Writers On Writing / Five Ways to Streamline your Sentences by Tony Spencer-Smith


The best sentences use a minimum of words to achieve their purpose. They slip easily into the minds of your audience and don’t give them the verbal equivalent of atherosclerosis. As Truman Capote said: “I believe more in the scissors than I do in the pencil.” Here are five ways good editors cut the clutter: […]


The best sentences use a minimum of words to achieve their purpose. They slip easily into the minds of your audience and don’t give them the verbal equivalent of atherosclerosis. As Truman Capote said: “I believe more in the scissors than I do in the pencil.” Here are five ways good editors cut the clutter:

1. Take a rapier to redundancies. Look out for words that are simply repeating what other words are saying. Here are a few common examples of redundant words: (all-time) record, eradicate (completely), (new) innovation, (still) persists, (very) pregnant and at this point (in time). This bad habit is also called tautology.

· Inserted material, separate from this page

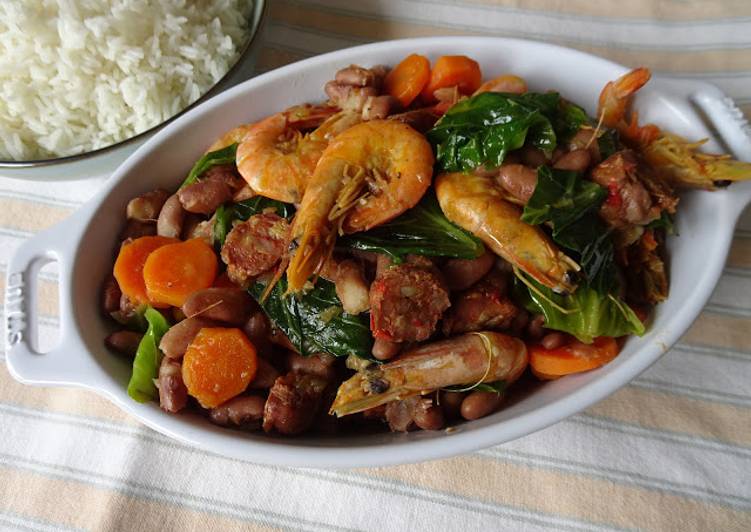 Feijoada de Camarão - Tudogosreceitas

2. Release hot air. Many phrases, when subjected to an editor’s keen eye, show themselves to have little or no meaning. These include such waffle as for all intents and purposes, the point I am trying to make and in the final analysis.

3. Get active. The active voice, where the subject of the sentence is actively doing something, is crisper and shorter than the passive voice. So write we have cut costs rather than costs have been cut by us.

4. Use lean phraseology. The payments that were made by the bank can be cut to the payments made by the bank or further to the bank’s payments.

5. Avoid circumlocution. This literally means talking around, in other words using a number of words where a few or even one would do. ‘The reason for’, ‘due to the fact that’ and ‘on the grounds that’ can all be replaced by because, since or why. Similarly, ‘has the opportunity to’, is able to and has the capacity for can all be replaced by a simple ‘can’.

Tony Spencer Smith will teach The Essentials of Editing over 4x Wednesday evenings. For further details and to book, click here.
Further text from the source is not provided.